§ ACTION ITEM: From the line containing "Healthy snack ideas" down to the last line of the entries, print each line exactly and leave the pictures out.

§ INPUT MATERIAL:
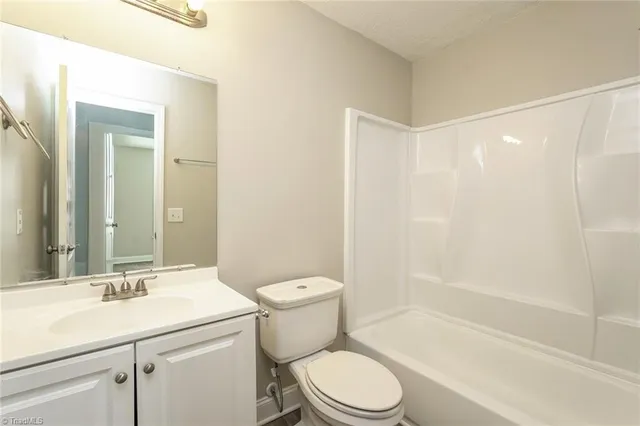 $1,695 | 1607 Dodson Street, Greensboro, NC 27405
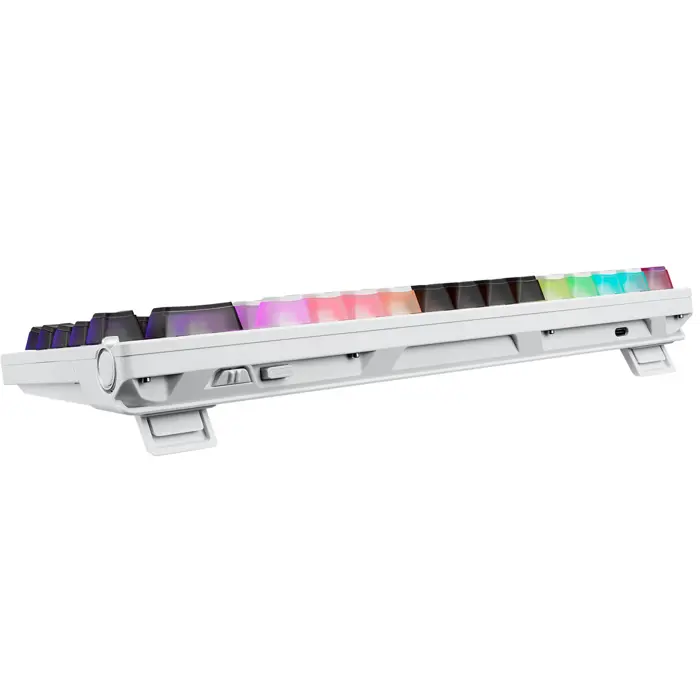asus-rog-azoth-x-white-de-layout-rog-nx-v2-43607-90mp044f-bkda30-w.webp
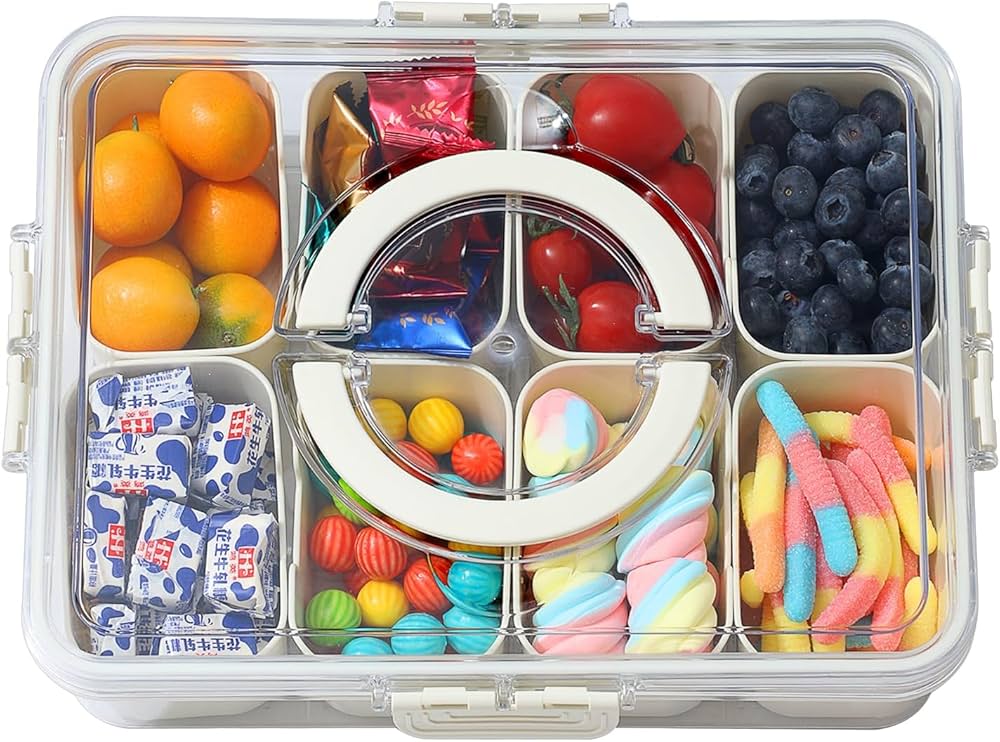 Healthy snack ideas for busy moms weight loss tips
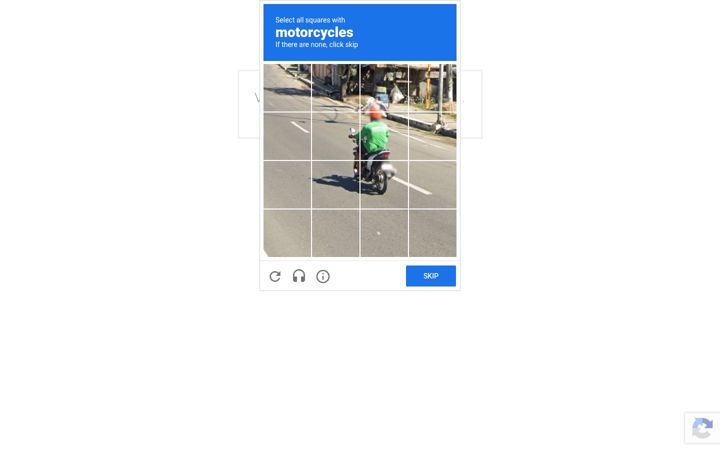 Screenshot of tik-tak.net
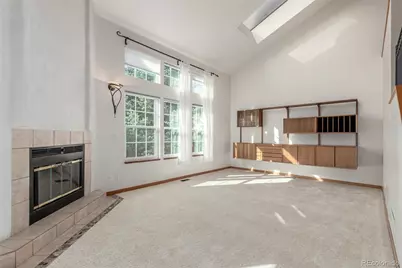8822 Fiesta Terrace, Lone Tree, CO 80124 - Photo 5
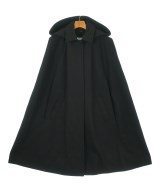 PRADA（プラダ）その他 黒 サイズ:44(L位) レディース/2200623862056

§ RESPONSE TO THIS TASK:
 Healthy snack ideas for busy moms weight loss tips
 Screenshot of tik-tak.net
8822 Fiesta Terrace, Lone Tree, CO 80124 - Photo 5
 PRADA（プラダ）その他 黒 サイズ:44(L位) レディース/2200623862056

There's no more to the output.